2.3. LTV filters and trainable FIRs

The harmonic LTV filter is defined in equation (3). A noisy LTV filter is defined similarly. Convolution can be done in the time or frequency domain. As shown in Figure 7, the filtering process of the harmonic components is shown.

Figure 7: NHV model trained from m ₀ frame in the vicinity of the sampled signal. The figure shows 512 sample points or 4 frames. Drawn only from a response _h h [m _0, n] from the frame pulse ₀ m.

As proposed by DDSP, an exponentially decaying trainable causal FIR h[n] is applied in the last step of speech synthesis. The convolution (s _h [n]+s _n [n])*h[n] is performed by FFT in the frequency domain to reduce computational complexity.

2.4, neural network training

2.4.1. Multi-resolution STFT loss

The pointwise loss between x[n] and s[n] cannot be applied to train the model because it requires full alignment of the glottal closure instants (GCIs) in x and s. Multiresolution STFT losses can tolerate phase mismatches in the signal. Suppose we have C different STFT configurations, 0≤i<C. Given the original and the reconstructed signal x s, i calculated using the configuration STFT amplitude profile of X _i and S _i, each comprising K _i values.
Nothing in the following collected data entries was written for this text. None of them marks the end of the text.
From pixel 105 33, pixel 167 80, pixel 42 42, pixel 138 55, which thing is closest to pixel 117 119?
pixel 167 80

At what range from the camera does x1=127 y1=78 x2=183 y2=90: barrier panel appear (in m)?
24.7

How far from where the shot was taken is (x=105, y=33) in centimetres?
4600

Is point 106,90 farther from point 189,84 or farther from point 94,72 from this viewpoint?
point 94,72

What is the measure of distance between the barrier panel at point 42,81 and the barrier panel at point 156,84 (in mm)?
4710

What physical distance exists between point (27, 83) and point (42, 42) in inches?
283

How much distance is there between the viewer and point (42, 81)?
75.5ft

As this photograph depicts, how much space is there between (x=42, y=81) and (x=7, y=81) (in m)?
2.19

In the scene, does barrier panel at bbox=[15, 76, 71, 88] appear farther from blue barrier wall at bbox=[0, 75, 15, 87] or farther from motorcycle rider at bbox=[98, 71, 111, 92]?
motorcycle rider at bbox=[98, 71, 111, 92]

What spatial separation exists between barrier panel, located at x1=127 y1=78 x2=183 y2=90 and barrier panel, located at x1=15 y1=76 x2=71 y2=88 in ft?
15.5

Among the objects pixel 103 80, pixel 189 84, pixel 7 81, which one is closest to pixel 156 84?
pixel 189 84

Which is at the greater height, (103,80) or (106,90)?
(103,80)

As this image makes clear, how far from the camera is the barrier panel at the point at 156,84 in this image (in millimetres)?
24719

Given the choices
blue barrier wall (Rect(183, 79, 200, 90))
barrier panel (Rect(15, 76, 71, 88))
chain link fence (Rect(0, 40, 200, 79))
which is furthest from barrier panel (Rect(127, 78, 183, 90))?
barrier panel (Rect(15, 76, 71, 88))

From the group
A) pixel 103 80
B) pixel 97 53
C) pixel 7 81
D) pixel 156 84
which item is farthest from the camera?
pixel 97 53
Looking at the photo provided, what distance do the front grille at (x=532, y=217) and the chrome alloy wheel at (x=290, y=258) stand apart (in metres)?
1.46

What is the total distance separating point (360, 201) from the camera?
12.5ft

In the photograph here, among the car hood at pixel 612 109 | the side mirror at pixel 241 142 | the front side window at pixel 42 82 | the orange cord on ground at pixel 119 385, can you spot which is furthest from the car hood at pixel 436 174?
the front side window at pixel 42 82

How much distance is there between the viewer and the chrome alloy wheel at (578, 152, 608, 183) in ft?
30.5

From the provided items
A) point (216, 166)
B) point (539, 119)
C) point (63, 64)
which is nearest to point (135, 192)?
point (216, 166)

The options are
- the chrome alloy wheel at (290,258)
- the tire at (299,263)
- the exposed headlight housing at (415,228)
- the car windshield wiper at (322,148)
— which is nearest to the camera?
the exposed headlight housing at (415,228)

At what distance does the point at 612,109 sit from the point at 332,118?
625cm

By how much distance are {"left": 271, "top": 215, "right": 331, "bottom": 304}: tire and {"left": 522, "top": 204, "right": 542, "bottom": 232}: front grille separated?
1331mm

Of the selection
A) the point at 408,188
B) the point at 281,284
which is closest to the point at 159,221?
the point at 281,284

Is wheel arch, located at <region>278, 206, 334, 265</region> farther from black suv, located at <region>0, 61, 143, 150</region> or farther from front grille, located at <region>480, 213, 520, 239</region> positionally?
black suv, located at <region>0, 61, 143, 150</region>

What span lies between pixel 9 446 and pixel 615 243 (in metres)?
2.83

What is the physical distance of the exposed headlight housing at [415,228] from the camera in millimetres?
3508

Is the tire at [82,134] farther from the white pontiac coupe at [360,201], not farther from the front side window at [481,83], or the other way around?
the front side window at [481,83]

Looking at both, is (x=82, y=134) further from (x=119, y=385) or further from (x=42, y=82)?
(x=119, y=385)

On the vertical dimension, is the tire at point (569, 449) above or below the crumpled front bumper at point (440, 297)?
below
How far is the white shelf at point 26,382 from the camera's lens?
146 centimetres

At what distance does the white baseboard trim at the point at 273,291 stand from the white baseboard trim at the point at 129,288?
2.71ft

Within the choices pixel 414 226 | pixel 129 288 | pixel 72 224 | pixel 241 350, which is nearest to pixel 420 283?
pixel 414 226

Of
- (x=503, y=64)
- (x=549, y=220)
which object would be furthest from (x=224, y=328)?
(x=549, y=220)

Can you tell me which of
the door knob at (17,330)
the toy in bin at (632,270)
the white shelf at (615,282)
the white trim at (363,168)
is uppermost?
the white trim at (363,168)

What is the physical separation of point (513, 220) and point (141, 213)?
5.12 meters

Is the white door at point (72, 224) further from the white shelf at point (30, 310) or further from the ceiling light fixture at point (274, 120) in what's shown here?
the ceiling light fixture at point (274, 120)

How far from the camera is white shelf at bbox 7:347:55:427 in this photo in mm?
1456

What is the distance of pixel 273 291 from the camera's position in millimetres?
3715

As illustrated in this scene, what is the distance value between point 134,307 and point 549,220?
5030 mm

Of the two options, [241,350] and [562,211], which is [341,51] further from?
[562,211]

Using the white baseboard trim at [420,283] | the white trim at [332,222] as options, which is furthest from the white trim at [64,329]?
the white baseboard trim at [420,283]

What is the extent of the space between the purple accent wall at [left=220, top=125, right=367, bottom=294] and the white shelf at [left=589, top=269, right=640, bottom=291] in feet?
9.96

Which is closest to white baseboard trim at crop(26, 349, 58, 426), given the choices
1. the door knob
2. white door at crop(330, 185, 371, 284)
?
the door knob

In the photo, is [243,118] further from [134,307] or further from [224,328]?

In NHV, we use a combination of magnitude and L1 norm of log magnitude distance. Reconstruction loss L _R is the sum of all distances in all configurations.

We found that using more STFT configurations reduces distortion in the output speech. We use Hanning windows of size (128, 256, 384, 512, 640, 768, 896, 1024, 1536, 2048, 3072, 4096) with 75% overlap. The FFT size is set to twice the window size.
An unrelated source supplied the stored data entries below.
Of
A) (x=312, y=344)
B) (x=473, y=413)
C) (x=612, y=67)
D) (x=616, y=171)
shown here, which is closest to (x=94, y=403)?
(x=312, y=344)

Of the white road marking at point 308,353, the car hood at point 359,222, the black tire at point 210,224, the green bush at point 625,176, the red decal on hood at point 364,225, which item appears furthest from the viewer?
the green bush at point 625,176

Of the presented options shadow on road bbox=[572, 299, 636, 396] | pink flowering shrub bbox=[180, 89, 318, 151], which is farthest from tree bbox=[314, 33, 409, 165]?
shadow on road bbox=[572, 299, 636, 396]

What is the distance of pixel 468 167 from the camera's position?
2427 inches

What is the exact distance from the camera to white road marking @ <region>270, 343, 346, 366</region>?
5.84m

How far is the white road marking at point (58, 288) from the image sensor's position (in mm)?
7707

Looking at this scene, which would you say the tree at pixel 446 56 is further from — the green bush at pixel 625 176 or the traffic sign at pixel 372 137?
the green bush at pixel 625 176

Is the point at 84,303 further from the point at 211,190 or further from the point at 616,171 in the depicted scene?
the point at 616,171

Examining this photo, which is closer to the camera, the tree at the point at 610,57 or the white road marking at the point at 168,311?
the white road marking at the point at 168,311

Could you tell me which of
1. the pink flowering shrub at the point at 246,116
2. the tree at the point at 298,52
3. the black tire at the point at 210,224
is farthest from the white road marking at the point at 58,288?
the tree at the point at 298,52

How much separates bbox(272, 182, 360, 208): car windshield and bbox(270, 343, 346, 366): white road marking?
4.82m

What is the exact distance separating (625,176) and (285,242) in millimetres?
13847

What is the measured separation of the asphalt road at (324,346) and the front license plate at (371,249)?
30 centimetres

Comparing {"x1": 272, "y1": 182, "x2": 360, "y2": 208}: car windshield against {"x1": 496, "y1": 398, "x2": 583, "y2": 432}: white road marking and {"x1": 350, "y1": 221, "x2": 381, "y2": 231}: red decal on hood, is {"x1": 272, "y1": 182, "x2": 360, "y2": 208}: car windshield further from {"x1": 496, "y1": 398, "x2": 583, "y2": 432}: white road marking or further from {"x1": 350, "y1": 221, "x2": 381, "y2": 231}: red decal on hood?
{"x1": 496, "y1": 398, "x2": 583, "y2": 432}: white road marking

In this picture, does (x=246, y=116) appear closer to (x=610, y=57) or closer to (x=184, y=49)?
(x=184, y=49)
2.4.2. Adversarial loss function

NHV relies on adversarial loss functions with waveform inputs to learn temporal fine structures in speech signals. Although we do not need adversarial loss functions to guarantee periodicity in NHV, they still help to ensure phase similarity between s[n] and x[n]. The discriminator should make separate decisions for different short segments in the input signal. The discriminator we use in our experiments is WaveNet based on log mel-spectrograms. Details of the discriminator structure can be found in Section 3. We use the hinge loss version of GAN in our experiments.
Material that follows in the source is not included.